Takie będą skutki nowelizacji przepisów wprowadzające jeden przelew do Zakładu Ubezpieczeń Społecznych. Każdy przedsiębiorca, spółka, podmiot publiczny, przeszło 2 mln płatników składek do końca roku dostanie nowy numer konta, na które ma przelewać bieżące należności do ZUS. Zgodnie z nowymi przepisami te wpłaty będą zaliczane najpierw na poczet najstarszych zaległości.
Kiedy przedawnienie
– Pytanie, co to znaczy „najstarsze zaległości" – zastanawia się Andrzej Radzisław, radca prawny z kancelarii LexConsulting.pl. – Formalnie okres przedawnienia składek wynosi obecnie pięć lat, ZUS jednak stosuje wiele trików, aby przerwać czy wstrzymać bieg tego okresu. Dzięki temu może obecnie ściągać nawet składki z 1999 r.
– Już teraz, gdy ZUS żąda zapłaty zaległych składek sprzed lat, często udaje się udowodnić, że część jest już przedawniona – zauważa Waldemar Urbanowicz, adwokat z kancelarii Gujski Zdebiak. – Nie dzieje się to jednak z automatu. Trzeba złożyć w tej sprawie wniosek i najczęściej przed sądem dowodzić swoich racji. Zastanawiam się, jak to będzie wyglądało po zmianach, gdy ZUS zacznie potrącać zaległości z mocy prawa. Mam nadzieję, że przedsiębiorcy będą o tym informowani z podaniem szczegółowych informacji o okresie, za który będą pobierane zaległe składki, i tytule do ich ściągnięcia po latach. Tak by można było zweryfikować, czy to nie są przypadkiem już przedawnione należności.
Zasadnicze znaczenie ma tu art. 24 ust. 5b ustawy o systemie ubezpieczeń społecznych, który mówi, że bieg przedawnienia składek wstrzymuje pierwsza czynność zmierzająca do wyegzekwowania należności.
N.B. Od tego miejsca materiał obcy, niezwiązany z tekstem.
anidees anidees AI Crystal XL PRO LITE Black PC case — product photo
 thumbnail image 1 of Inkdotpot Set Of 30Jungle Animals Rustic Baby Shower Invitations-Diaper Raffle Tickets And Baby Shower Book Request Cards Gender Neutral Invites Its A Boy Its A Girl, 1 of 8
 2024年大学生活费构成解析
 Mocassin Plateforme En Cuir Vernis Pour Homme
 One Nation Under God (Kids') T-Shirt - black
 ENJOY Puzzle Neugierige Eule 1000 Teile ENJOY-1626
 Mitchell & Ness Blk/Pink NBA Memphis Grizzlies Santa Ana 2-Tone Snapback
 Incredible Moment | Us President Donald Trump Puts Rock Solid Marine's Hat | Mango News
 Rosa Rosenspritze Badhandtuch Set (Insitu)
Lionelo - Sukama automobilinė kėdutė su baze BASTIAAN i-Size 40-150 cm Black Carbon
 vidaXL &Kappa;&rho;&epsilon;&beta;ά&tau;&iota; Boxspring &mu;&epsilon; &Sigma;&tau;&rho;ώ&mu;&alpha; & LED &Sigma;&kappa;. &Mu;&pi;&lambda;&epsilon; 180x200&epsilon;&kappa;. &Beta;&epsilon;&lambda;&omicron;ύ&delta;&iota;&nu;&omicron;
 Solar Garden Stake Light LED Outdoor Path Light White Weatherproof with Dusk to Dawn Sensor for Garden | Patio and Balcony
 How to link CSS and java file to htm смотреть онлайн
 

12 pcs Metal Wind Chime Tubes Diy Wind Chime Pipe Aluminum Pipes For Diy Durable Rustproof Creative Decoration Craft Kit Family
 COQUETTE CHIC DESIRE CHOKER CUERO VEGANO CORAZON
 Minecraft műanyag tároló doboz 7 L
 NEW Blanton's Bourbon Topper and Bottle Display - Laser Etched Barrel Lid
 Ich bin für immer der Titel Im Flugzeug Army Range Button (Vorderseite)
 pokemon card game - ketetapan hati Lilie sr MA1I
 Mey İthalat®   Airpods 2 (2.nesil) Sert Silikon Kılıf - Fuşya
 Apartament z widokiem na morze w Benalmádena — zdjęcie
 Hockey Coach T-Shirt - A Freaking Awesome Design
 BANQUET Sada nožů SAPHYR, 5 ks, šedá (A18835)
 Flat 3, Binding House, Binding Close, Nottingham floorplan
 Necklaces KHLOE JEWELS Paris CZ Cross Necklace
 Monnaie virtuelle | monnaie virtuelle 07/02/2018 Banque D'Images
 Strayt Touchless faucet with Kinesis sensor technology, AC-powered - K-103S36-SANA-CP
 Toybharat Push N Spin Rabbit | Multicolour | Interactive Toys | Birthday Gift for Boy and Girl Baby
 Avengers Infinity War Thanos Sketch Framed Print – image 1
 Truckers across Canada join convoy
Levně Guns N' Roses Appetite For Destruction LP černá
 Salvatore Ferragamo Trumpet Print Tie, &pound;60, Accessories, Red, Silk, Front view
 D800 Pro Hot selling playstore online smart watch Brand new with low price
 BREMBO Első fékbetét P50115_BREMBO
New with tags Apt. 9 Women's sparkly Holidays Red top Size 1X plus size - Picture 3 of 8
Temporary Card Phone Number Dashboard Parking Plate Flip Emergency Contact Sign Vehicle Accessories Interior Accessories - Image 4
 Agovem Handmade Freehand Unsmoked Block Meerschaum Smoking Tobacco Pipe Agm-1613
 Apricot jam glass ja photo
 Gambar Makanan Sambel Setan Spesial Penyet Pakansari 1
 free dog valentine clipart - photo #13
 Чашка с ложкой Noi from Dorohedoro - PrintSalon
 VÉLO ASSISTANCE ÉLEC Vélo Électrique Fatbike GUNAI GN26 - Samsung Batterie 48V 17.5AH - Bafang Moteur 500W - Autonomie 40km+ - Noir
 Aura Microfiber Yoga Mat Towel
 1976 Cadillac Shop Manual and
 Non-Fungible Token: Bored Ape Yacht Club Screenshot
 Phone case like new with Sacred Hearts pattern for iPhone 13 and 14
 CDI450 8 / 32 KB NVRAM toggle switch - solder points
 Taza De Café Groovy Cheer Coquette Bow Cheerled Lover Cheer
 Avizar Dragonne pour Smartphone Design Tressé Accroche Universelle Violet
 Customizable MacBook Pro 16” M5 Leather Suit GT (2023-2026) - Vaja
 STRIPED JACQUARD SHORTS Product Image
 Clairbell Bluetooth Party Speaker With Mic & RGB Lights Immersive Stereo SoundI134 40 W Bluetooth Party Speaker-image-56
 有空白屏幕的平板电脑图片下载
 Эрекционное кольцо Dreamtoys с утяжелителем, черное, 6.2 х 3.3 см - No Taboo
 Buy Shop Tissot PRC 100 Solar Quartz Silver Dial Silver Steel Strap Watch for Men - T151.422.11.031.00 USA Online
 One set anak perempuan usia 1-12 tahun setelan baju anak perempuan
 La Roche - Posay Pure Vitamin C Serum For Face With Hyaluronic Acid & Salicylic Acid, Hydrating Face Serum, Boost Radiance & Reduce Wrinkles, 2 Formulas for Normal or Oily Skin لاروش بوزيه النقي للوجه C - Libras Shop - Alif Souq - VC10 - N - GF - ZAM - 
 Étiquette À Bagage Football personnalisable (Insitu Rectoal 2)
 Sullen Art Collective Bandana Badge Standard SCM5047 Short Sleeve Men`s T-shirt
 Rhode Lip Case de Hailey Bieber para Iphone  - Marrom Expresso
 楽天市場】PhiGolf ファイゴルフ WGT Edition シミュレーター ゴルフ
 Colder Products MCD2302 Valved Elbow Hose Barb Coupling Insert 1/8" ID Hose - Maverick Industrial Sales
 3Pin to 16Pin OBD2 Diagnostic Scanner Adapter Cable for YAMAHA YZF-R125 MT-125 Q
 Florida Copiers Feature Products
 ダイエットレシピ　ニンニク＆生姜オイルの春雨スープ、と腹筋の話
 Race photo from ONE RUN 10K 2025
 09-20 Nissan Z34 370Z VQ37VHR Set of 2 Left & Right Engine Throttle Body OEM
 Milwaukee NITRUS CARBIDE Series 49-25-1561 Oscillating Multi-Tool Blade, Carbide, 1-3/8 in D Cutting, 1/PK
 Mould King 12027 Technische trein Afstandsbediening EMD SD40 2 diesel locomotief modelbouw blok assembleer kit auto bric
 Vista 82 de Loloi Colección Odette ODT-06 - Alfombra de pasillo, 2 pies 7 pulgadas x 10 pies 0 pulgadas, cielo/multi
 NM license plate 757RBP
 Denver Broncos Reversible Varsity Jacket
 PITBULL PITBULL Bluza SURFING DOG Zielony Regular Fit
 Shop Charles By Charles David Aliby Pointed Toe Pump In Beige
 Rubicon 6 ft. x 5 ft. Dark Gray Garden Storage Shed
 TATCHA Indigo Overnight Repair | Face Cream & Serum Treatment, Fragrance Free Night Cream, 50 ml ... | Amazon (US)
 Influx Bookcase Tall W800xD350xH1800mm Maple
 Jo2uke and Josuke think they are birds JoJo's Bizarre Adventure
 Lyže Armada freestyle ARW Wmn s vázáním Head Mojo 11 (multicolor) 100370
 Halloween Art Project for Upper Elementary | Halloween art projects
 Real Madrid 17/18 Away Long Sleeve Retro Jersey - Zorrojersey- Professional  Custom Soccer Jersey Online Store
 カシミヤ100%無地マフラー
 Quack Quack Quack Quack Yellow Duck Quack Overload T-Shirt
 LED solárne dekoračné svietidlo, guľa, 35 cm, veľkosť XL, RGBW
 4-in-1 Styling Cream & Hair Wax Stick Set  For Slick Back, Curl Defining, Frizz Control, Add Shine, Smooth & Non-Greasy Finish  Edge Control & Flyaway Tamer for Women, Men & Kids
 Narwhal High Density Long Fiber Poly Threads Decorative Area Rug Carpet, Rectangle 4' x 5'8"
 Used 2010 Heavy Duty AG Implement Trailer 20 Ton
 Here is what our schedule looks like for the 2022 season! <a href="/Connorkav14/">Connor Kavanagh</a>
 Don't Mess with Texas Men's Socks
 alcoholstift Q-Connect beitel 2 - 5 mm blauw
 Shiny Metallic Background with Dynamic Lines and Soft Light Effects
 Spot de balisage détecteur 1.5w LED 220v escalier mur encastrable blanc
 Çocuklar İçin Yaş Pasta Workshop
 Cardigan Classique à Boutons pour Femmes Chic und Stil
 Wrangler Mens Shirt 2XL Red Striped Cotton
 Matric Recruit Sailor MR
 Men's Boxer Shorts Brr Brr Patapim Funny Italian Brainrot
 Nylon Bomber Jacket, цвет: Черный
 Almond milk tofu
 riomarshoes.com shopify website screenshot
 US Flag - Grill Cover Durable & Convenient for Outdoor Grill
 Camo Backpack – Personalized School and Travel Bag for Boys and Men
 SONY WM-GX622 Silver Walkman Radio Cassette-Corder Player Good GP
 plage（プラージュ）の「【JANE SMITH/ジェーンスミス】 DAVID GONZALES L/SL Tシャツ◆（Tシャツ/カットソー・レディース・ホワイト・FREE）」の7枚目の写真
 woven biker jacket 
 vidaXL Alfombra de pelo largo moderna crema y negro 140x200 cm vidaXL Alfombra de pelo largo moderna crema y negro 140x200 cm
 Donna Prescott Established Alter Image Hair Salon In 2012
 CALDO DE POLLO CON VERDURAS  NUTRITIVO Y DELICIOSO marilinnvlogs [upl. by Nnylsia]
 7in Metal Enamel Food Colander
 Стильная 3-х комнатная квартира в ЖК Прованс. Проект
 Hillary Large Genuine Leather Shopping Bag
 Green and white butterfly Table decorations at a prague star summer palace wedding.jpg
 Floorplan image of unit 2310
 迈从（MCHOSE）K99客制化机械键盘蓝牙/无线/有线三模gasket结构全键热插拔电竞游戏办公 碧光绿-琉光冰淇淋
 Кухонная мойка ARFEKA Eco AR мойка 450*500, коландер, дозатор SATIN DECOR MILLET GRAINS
Na tej podstawie ZUS w poprzednich latach na różne sposoby próbował wydłużyć okres, w którym mógł dochodzić ich zapłaty (w ostatnich latach okres przedawnienia został skrócony z dziesięciu do pięciu lat).
– Z wyroków sądów administracyjnych, które orzekają w sprawie przedawnienia składek, wynika, że nie wystarczy często stosowany przez ZUS zabieg, który przed upływem okresu przedawnienia wydawał decyzję wymiarową, zawierającą obliczenie zaległości – dodaje mec. Radzisław. – Przykładowo zgodnie z wyrokiem Wojewódzkiego Sądu Administracyjnego w Warszawie z 9 grudnia 2009 r. (sygn. V SA/Wa 1479/09) taka decyzja musi zostać dostarczona do płatnika. Mało tego: nie może to nastąpić zwykłym listem, tylko poleconym. Tymczasem ZUS często wysyła zwykłe listy, bo ogranicza koszty korespondencji. Przedsiębiorcy muszą to jednak udowodnić.